# MATERIAL FOR THIS TASK

^^^^^^^^^^^^^^^^

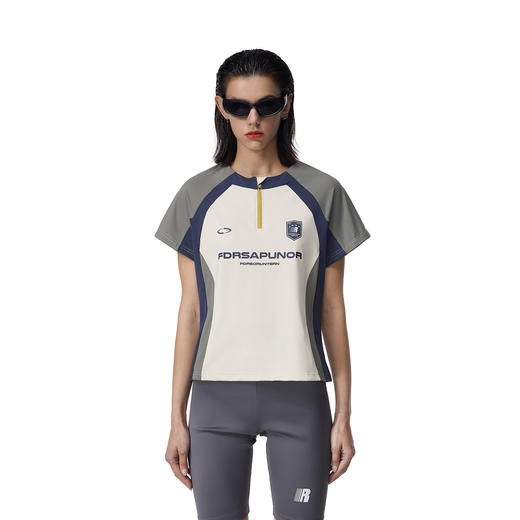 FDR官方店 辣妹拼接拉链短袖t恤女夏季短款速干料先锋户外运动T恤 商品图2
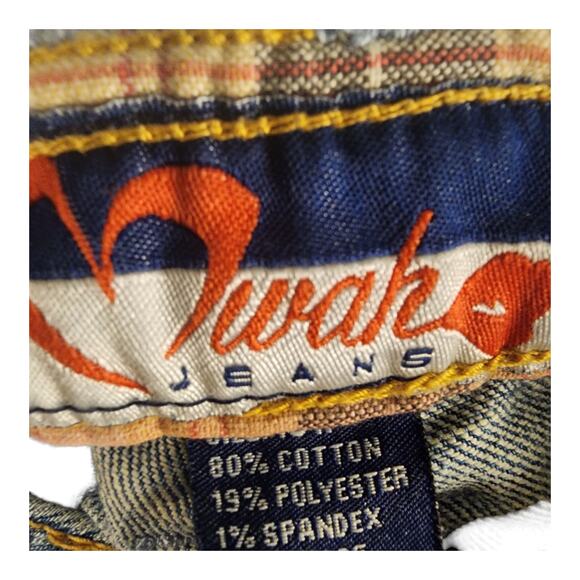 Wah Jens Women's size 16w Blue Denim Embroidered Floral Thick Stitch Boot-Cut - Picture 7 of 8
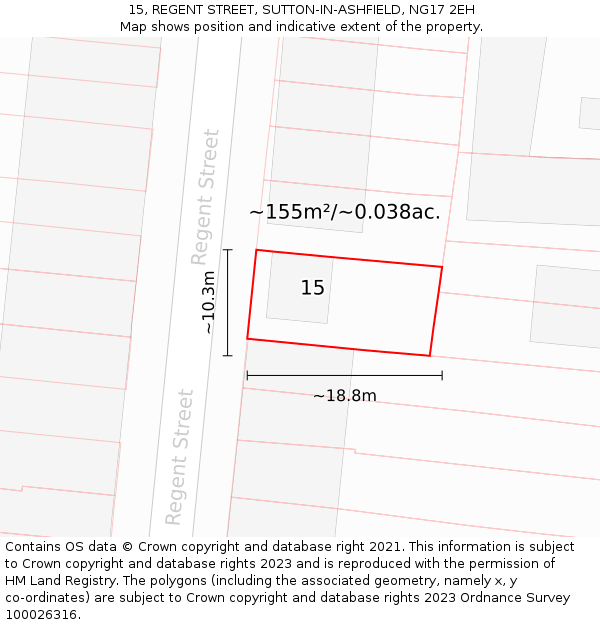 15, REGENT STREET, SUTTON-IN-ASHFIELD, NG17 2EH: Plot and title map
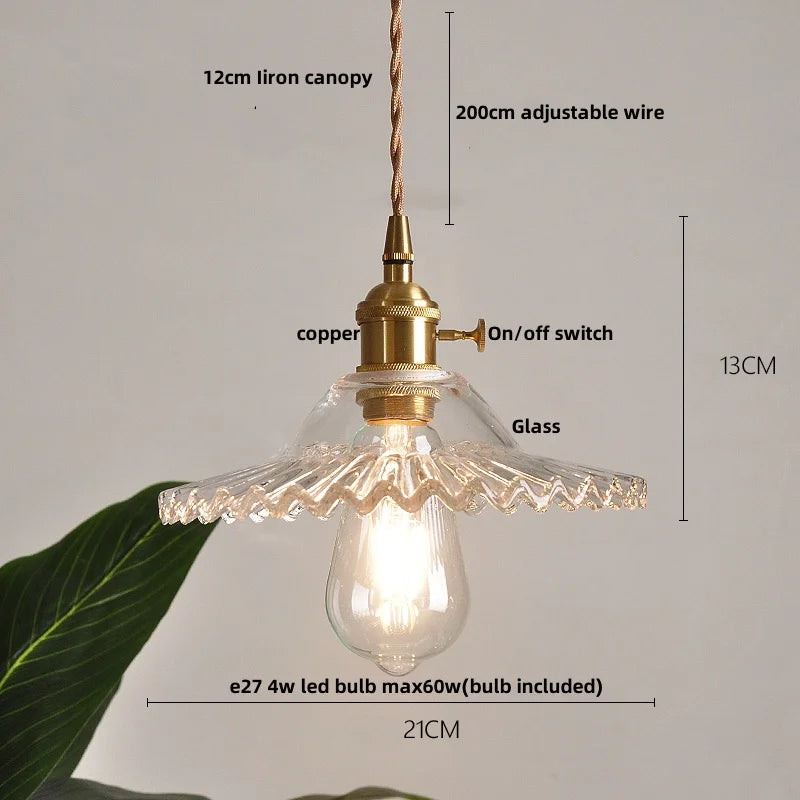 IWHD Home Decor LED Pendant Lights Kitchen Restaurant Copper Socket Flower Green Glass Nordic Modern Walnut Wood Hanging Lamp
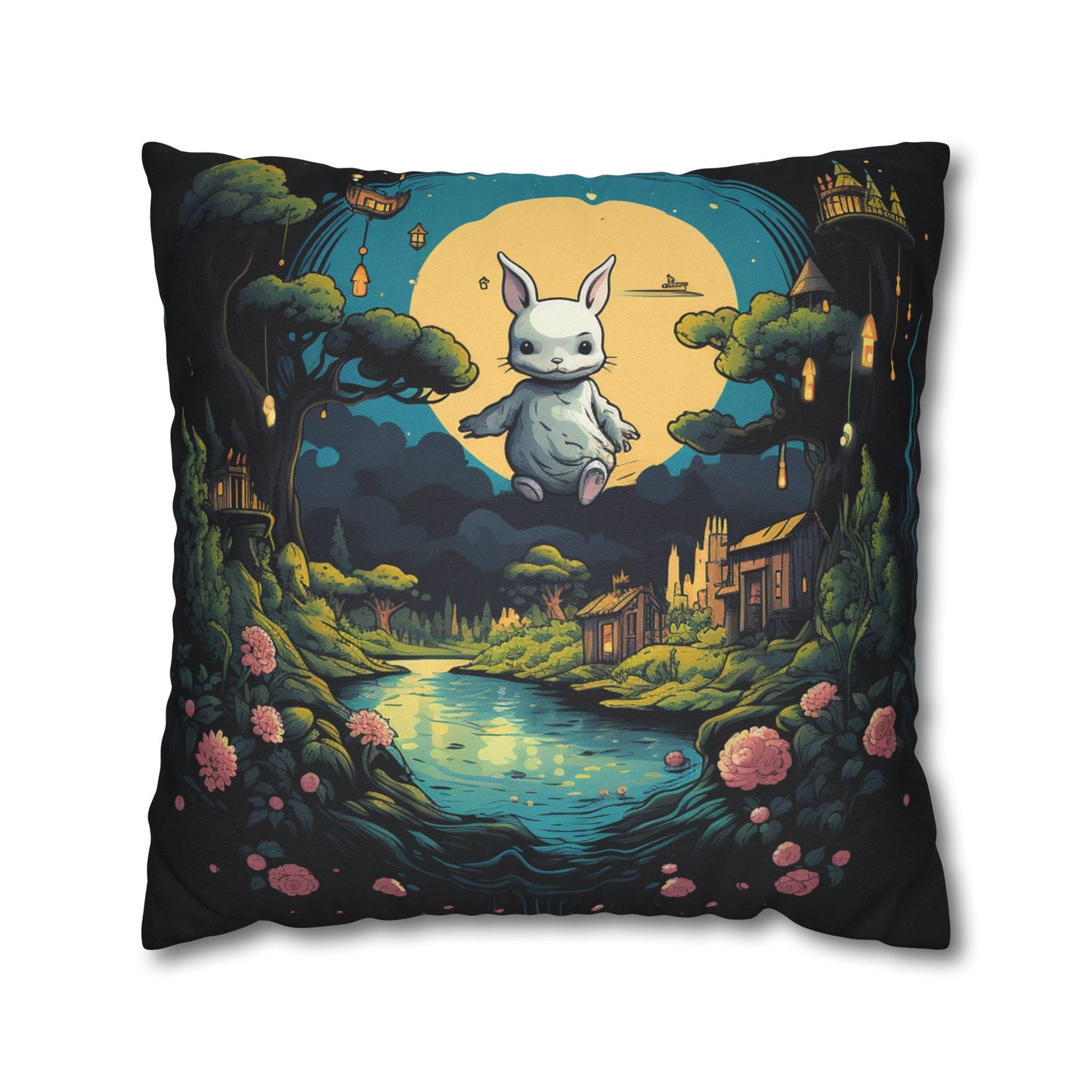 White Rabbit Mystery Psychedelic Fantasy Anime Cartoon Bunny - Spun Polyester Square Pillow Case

^^^^^^^^^^^^^^^^

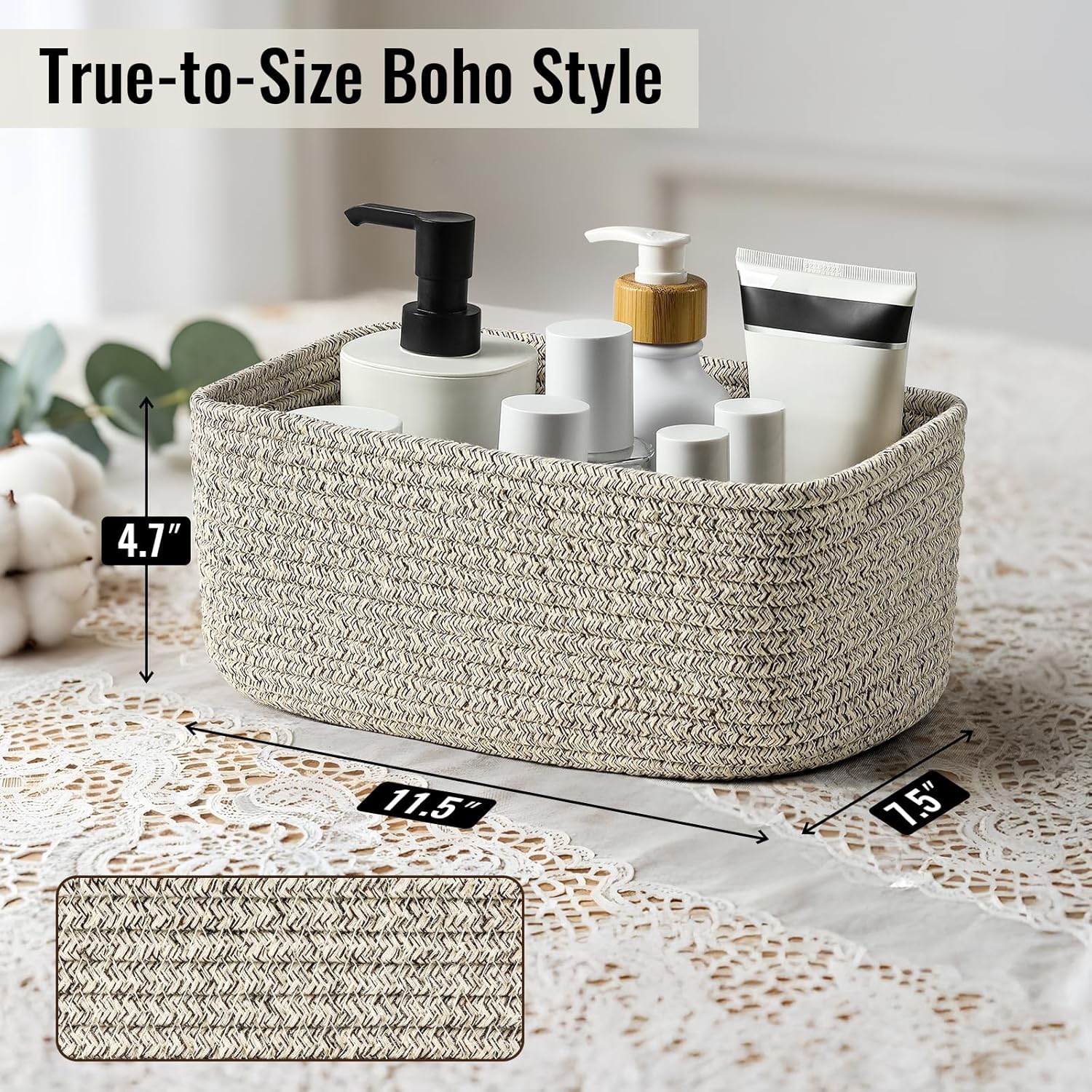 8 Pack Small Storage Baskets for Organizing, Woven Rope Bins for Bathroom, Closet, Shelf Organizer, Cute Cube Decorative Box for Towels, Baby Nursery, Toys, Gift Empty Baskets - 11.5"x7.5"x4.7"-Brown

^^^^^^^^^^^^^^^^

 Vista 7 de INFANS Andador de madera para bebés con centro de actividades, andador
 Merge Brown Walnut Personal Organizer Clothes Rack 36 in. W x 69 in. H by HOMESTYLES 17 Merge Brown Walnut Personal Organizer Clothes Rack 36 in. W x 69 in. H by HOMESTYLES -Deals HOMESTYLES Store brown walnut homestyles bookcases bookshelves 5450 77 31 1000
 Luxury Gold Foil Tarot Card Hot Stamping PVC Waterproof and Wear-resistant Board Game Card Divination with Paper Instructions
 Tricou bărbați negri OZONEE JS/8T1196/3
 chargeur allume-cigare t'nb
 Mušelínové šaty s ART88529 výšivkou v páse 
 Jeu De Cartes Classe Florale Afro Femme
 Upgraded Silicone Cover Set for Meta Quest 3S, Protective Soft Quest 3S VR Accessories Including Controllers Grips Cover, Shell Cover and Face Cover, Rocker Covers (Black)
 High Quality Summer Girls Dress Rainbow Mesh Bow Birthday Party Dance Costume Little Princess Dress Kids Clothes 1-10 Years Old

^^^^^^^^^^^^^^^^

# ACTION ITEM
Line by line, check the material above for the word "Clothes", then give the number of lines that hold it and nothing else.

# WRITTEN ANSWER
2